We recognize that the statement of an abstract legal principle, even when made by the Supreme Court, is a binding precedent only insofar as it is applied to the facts of the case in which the pronouncement is made. We further recognize that there is no case in which the only “anti-trust” practice charged is the practice of block-booking. There may, therefore, be some merit in the argument that until such a case is before the court for decision any general condemnation of block-booking, except in the circumstances in which it is practiced in the particular case is dictum.

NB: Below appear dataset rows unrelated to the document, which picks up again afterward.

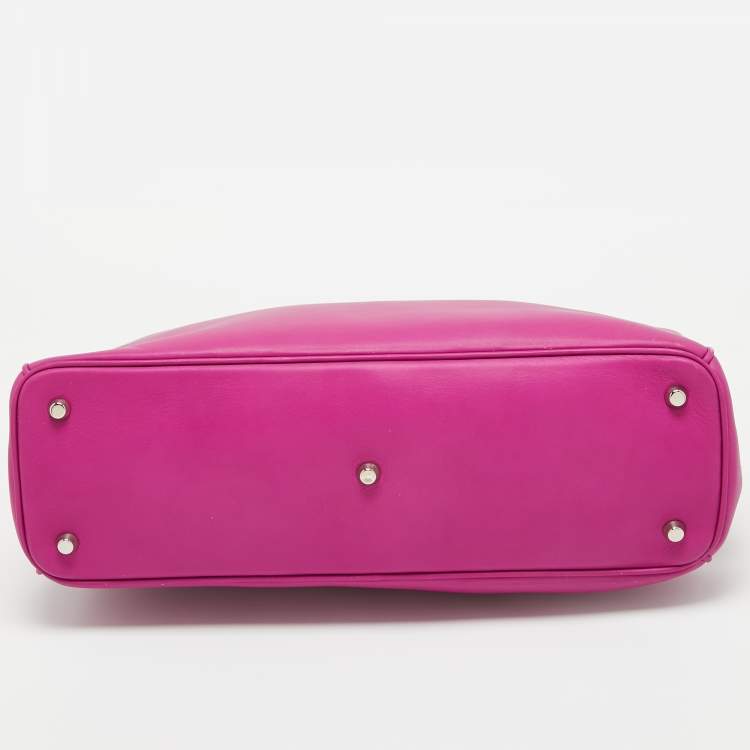 Pre Owned Dior Fuchsia Leather Large Diorissimo Shopper Tote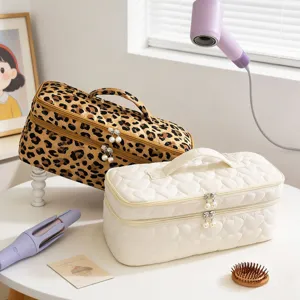 Large Capacity Travel Cosmetic Bag Polyester Double Layer Heart Quilted Makeup Organizer With Pearl Zipper Hairdryer Storage For Women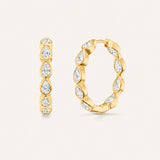 Large Bezel Pear Eternity Hoops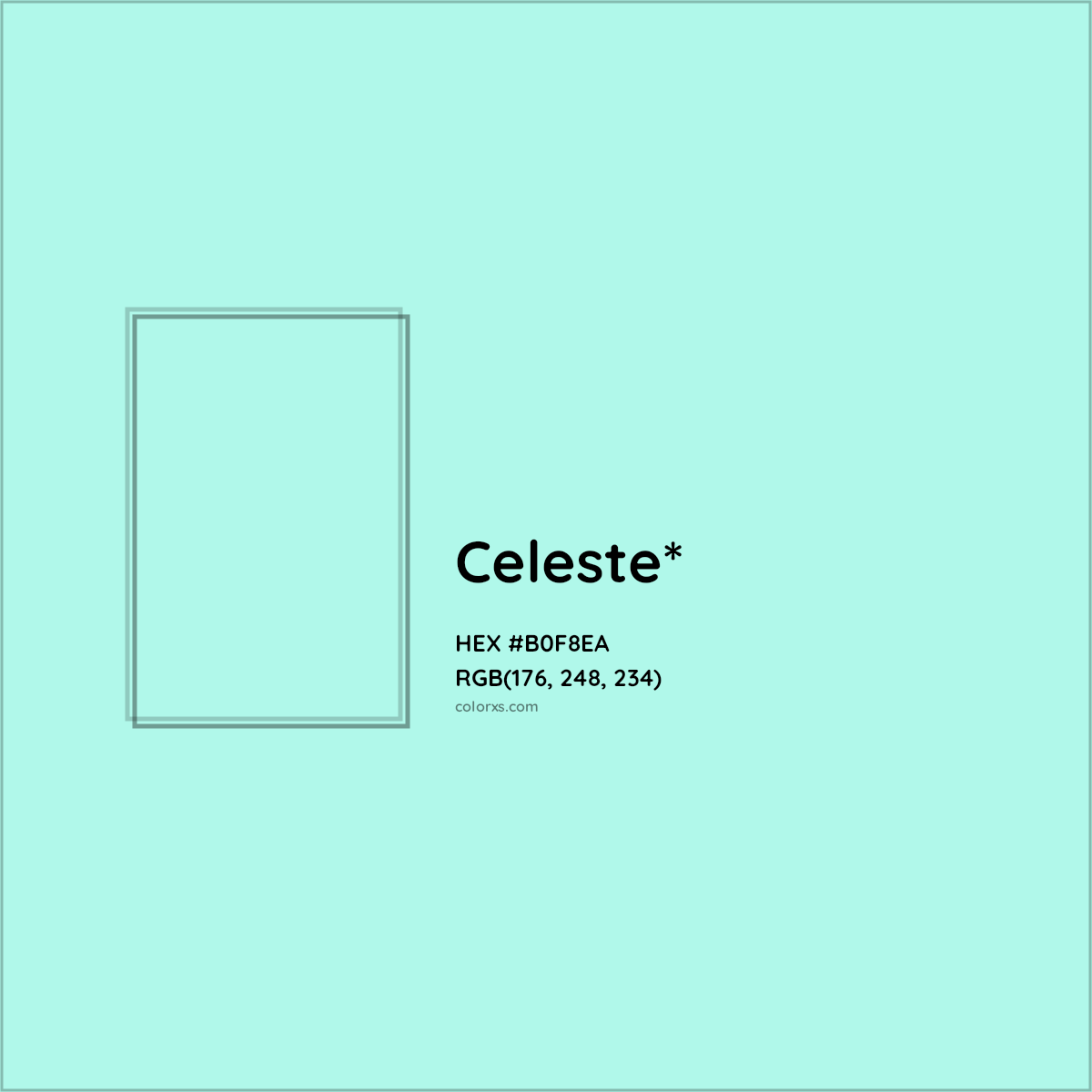 #B0F8EA hex color. RGB, RYB, CMYK, HSL, HSV codes and color conversions. Matching color names, palettes, paints.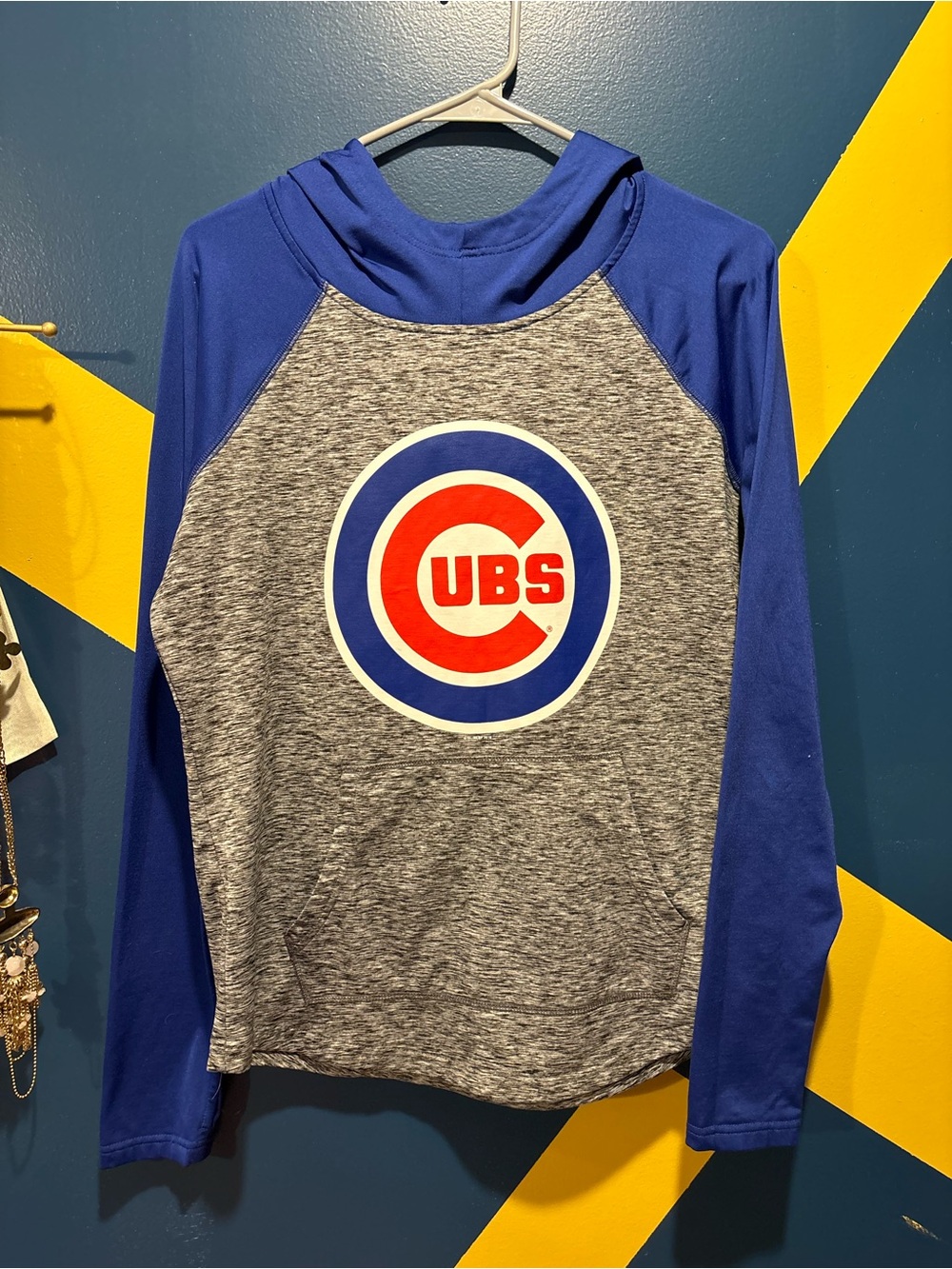 Chicago Cubs Heathered Gray & Blue Lightweight Hooded Sweater NWOT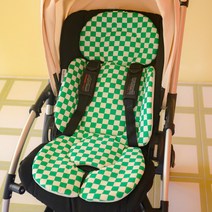 오맘 유모차 슬림라이너 인견시트 통풍쿠션, 그린체크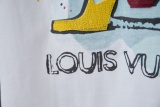 Louis Vuitton 26SS Fashion Inkjet Graffiti Toothbrush Embroidered Logo Short Sleeve Unisex Casual Versatile T-shirt
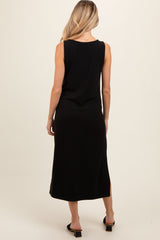 Black Ribbed Sleeveless Maternity Midi Dress from PinkBlush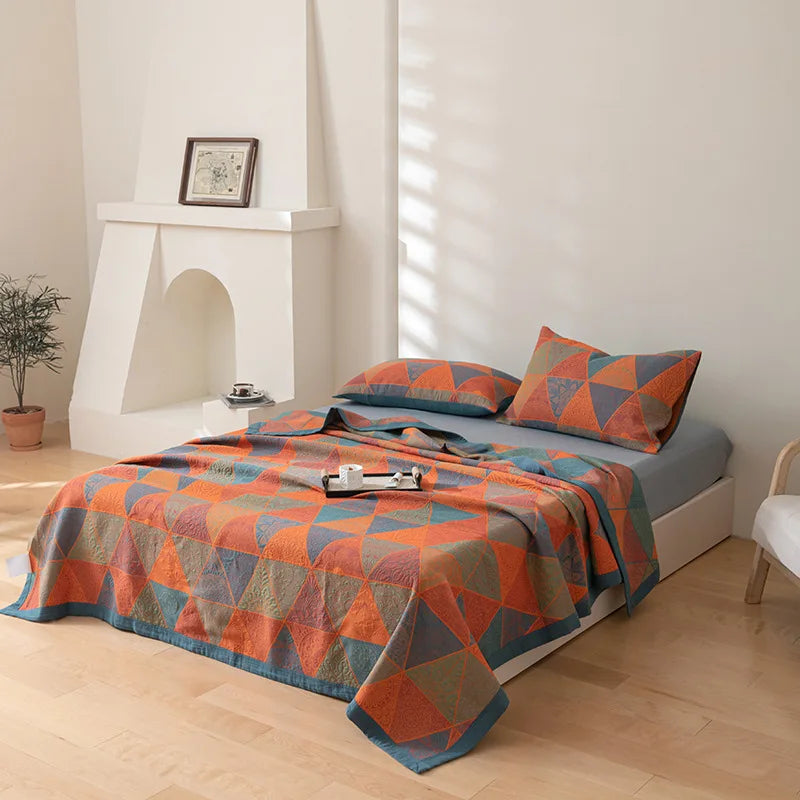 Ethnic Cotton Gauze Bedspread – Decorative King Size Bed Cover Blanket & Quilt, 220x240cm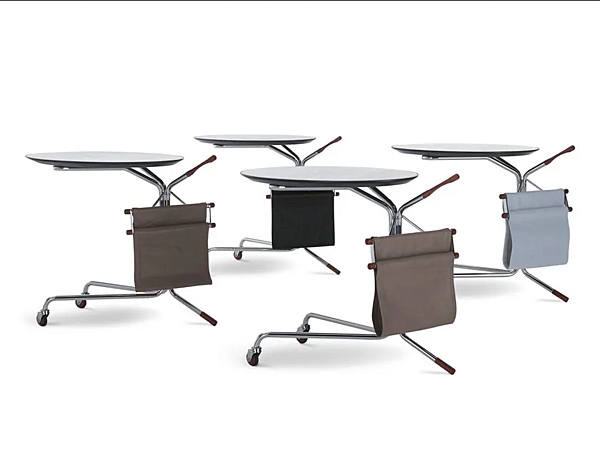 Tanned Leather Side Table with Castors and Magazine Rack i 4 Mariani factory i 4 Mariani from Italy. Foto №1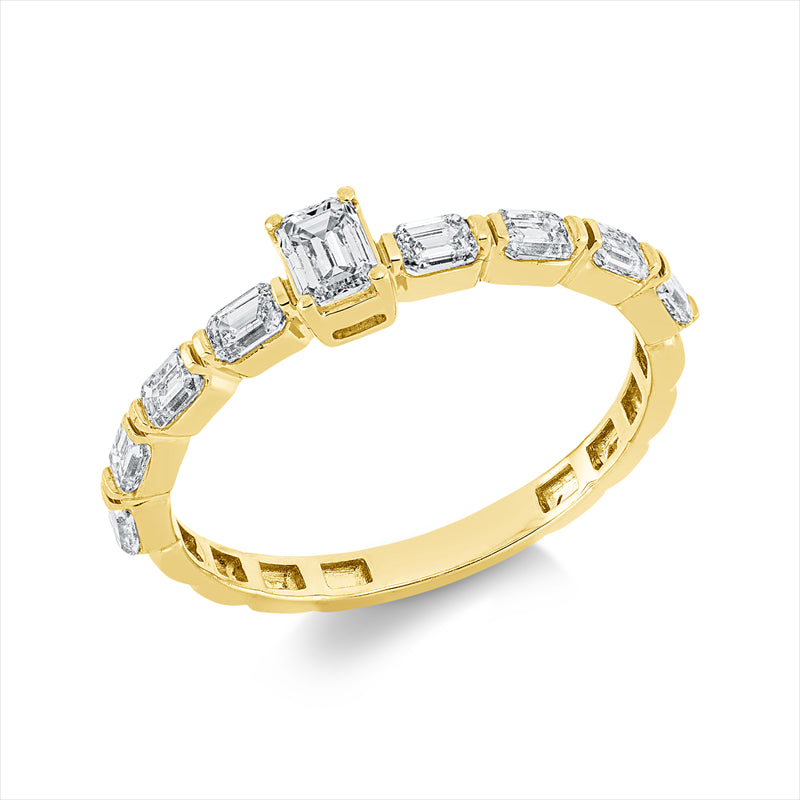 Ring    aus 750/-18 Karat Gelbgold mit 9 Diamanten 0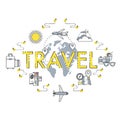 Travel flat thin line around the world vector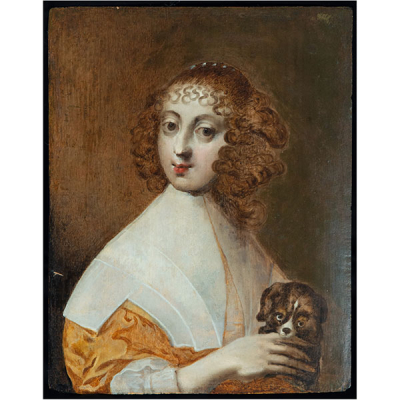 Retrato de Dama con Perro, escuela francesa de Fontainebleau del siglo XVII. 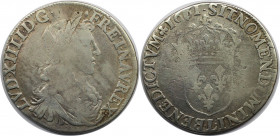 Europäische Münzen und Medaillen, Frankreich / France. Ludwig XIV. (1643-1715). 1/2 Ecu 1661 L. Silber. 13,23 g. 32,5 mm. KM 202.9. Schön+. Selten!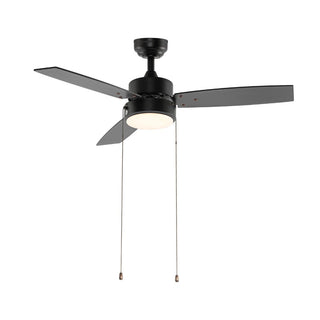 Minfeng 42" 1-Light Modern Minimalist 3-Speed Iron Height Adjustable Integrated LED Ceiling Fan with Pull Chains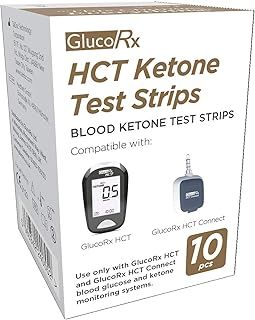 GlucoRx HCT Ketone Test Strips, 10-Count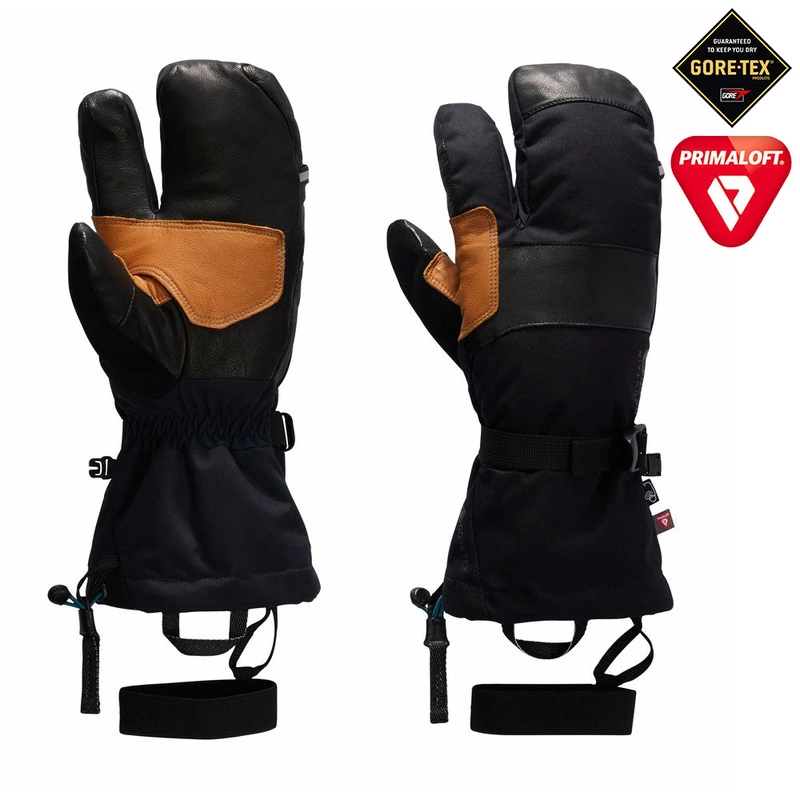 Mountain Hardwear High Exposure Gore-Tex Gloves GREEN Leather Mens Small  SKI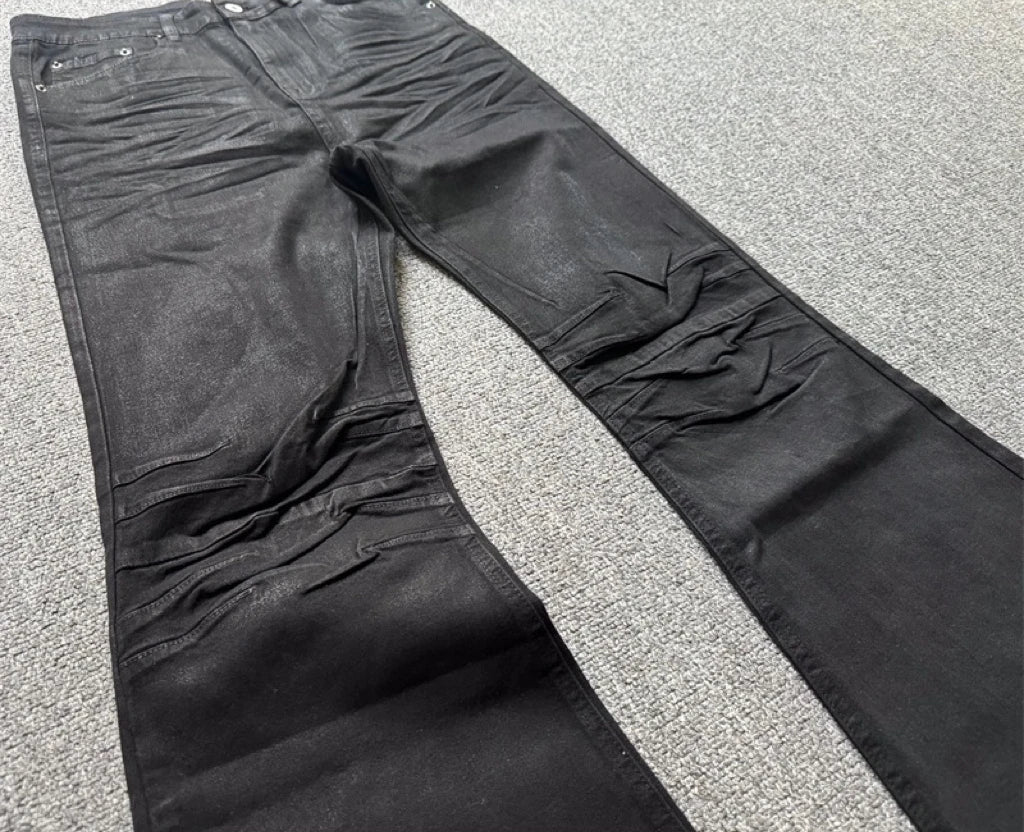 High street coated micro-flare jeans American retro heavy industry men and women black gothic retro casual loose jeans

In our search for decisions of the Supreme Court, either to control our action or to guide it, we are not infrequently guided by a statement of general principles even though the statement is broader than is necessary to decide the case before the Court. It is difficult to see how the statement of the Supreme Court in the block-booking case and the “tie-in” cases, Northern Pacific R. R. Co. v. United States, 356 U.S. 1, 78 S.Ct. 514, 2 L.Ed.2d 545; Times-Picayune Publishing Co. v. United States, 345 U.S. 594, 595, 73 S.Ct. 872, 97 L.Ed. 1277; Black v. Magnolia Liquor Co., 355 U.S. 24, 78 S.Ct. 106, 2 L.Ed.2d 5, could be construed in any manner other than as a condemnation of every practice in which a party owning a legal monopoly over an article conditions the sale or licensing of that article upon the agreement of the other party to buy or bargain as to another product. However, since there is before us only the propriety of the court’s dismissal of the action for failure to allege facts on which relief could be granted, we consider it appropriate to state that we do not, at this stage of the proceedings, find the law to be that all practices such as alleged to be practiced by the appellees here are per se illegal. We leave this matter open. We find that the complaint alleged a cause of action. The precise limits of the legal principles heretofore announced by the Supreme Court and whether appellees transgressed then, can be better determined in this case after the defendants have answered and after proof has been made.

Our judgment stands. To the extent that the foregoing modifies the reasoning embodied in our opinion, the original opinion is amended accordingly. 
      
      . We use this term descriptively to include all aet-s prohibited by Section 1 of the Sherman Act, 15 U.S.O.A. § 1.